§ Exercise aim:
Copy every line of the material below exactly.

--- Record set Enclosed Below ---

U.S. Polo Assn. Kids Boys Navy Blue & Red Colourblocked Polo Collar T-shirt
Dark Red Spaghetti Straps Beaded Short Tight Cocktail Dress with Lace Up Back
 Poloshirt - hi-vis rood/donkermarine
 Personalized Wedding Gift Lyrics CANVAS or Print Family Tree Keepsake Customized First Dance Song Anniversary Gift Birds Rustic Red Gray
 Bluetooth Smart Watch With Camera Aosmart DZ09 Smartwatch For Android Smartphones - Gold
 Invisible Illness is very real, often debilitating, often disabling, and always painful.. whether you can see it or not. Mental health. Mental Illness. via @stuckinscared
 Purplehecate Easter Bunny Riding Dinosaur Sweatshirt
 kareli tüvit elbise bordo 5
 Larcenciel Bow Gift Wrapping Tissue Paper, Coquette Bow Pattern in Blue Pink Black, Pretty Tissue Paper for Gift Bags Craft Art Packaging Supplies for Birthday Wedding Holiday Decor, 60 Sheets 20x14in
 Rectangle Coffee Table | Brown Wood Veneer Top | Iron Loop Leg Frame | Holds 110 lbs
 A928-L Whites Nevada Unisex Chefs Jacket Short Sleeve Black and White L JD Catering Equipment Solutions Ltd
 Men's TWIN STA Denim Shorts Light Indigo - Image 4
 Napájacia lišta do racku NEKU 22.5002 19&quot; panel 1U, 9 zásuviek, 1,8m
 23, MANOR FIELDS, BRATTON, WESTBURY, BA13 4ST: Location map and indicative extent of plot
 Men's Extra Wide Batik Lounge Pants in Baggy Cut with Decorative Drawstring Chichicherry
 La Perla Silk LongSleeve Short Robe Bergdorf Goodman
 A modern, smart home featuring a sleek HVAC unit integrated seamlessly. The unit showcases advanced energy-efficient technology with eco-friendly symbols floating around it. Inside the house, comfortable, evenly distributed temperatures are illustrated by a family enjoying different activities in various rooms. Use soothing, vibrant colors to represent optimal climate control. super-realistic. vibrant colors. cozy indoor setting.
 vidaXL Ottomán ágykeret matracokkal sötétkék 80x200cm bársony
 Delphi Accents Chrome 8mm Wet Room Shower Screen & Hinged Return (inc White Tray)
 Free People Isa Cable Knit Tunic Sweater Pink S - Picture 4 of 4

--- End of Enclosed Record set ---

§ Reply:
U.S. Polo Assn. Kids Boys Navy Blue & Red Colourblocked Polo Collar T-shirt
Dark Red Spaghetti Straps Beaded Short Tight Cocktail Dress with Lace Up Back
 Poloshirt - hi-vis rood/donkermarine
 Personalized Wedding Gift Lyrics CANVAS or Print Family Tree Keepsake Customized First Dance Song Anniversary Gift Birds Rustic Red Gray
 Bluetooth Smart Watch With Camera Aosmart DZ09 Smartwatch For Android Smartphones - Gold
 Invisible Illness is very real, often debilitating, often disabling, and always painful.. whether you can see it or not. Mental health. Mental Illness. via @stuckinscared
 Purplehecate Easter Bunny Riding Dinosaur Sweatshirt
 kareli tüvit elbise bordo 5
 Larcenciel Bow Gift Wrapping Tissue Paper, Coquette Bow Pattern in Blue Pink Black, Pretty Tissue Paper for Gift Bags Craft Art Packaging Supplies for Birthday Wedding Holiday Decor, 60 Sheets 20x14in
 Rectangle Coffee Table | Brown Wood Veneer Top | Iron Loop Leg Frame | Holds 110 lbs
 A928-L Whites Nevada Unisex Chefs Jacket Short Sleeve Black and White L JD Catering Equipment Solutions Ltd
 Men's TWIN STA Denim Shorts Light Indigo - Image 4
 Napájacia lišta do racku NEKU 22.5002 19&quot; panel 1U, 9 zásuviek, 1,8m
 23, MANOR FIELDS, BRATTON, WESTBURY, BA13 4ST: Location map and indicative extent of plot
 Men's Extra Wide Batik Lounge Pants in Baggy Cut with Decorative Drawstring Chichicherry
 La Perla Silk LongSleeve Short Robe Bergdorf Goodman
 A modern, smart home featuring a sleek HVAC unit integrated seamlessly. The unit showcases advanced energy-efficient technology with eco-friendly symbols floating around it. Inside the house, comfortable, evenly distributed temperatures are illustrated by a family enjoying different activities in various rooms. Use soothing, vibrant colors to represent optimal climate control. super-realistic. vibrant colors. cozy indoor setting.
 vidaXL Ottomán ágykeret matracokkal sötétkék 80x200cm bársony
 Delphi Accents Chrome 8mm Wet Room Shower Screen & Hinged Return (inc White Tray)
 Free People Isa Cable Knit Tunic Sweater Pink S - Picture 4 of 4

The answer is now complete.